The ultimate goal in user interface (UI) remoting is to make the remoted end-user experience as close as possible to local application execution. This is a challenging goal that becomes increasingly more feasible as connection latency (RTT) drops under 50 milliseconds. In addition, there is still much room for innovation on how to efficiently determine changed pixels on a server, encode, transport, present those pixels on the user device and obtain user input in response.
VMware Blast is the VMware UI remoting technology in VMware Horizon. Blast uses standardized encoding schemes, including JPG/PNG and H.264 for pixel encoding, and Opus for audio. Unlike proprietary encoding schemes, these standard formats are supported natively, hence efficiently, in browsers and mobile devices.
Blast-JPG/PNG shipped in the Fall of 2013 in support of browser clients and in early 2015 in support of Linux virtual machines. Blast-H.264 shipped in March 2016 with Horizon 7, as Blast Extreme, with feature and performance parity with PCoIP. Much was written about Blast Extreme since. Here, we provide background and more in-depth technical details.
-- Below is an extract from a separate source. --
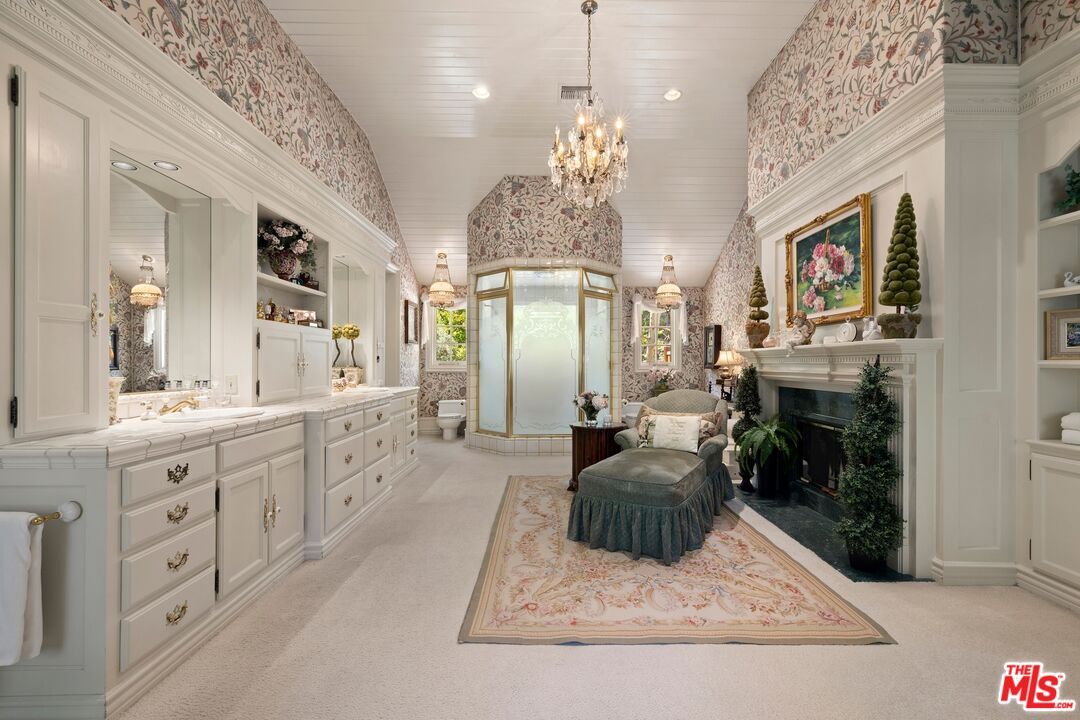 Bathroom, Chandelier, Fireplace, Interior, Recessed Lighting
[Catch up on the latest news: Advances in VMware Blast Extreme & Our Latest Blast Feature Update]
Good Fit for UI Encoding
In early 2011, a small team at VMware started developing the technology that became Blast. Early on we established that H.264 is an effective encoding scheme for UI remoting, at a time where there was broad skepticism about the applicability of video technology for this use case. Our early experiments suggested otherwise; for example, this video from Feb 2011 demonstrated that H.264 is indeed a good fit for UI encoding, including for the high frequency text regions!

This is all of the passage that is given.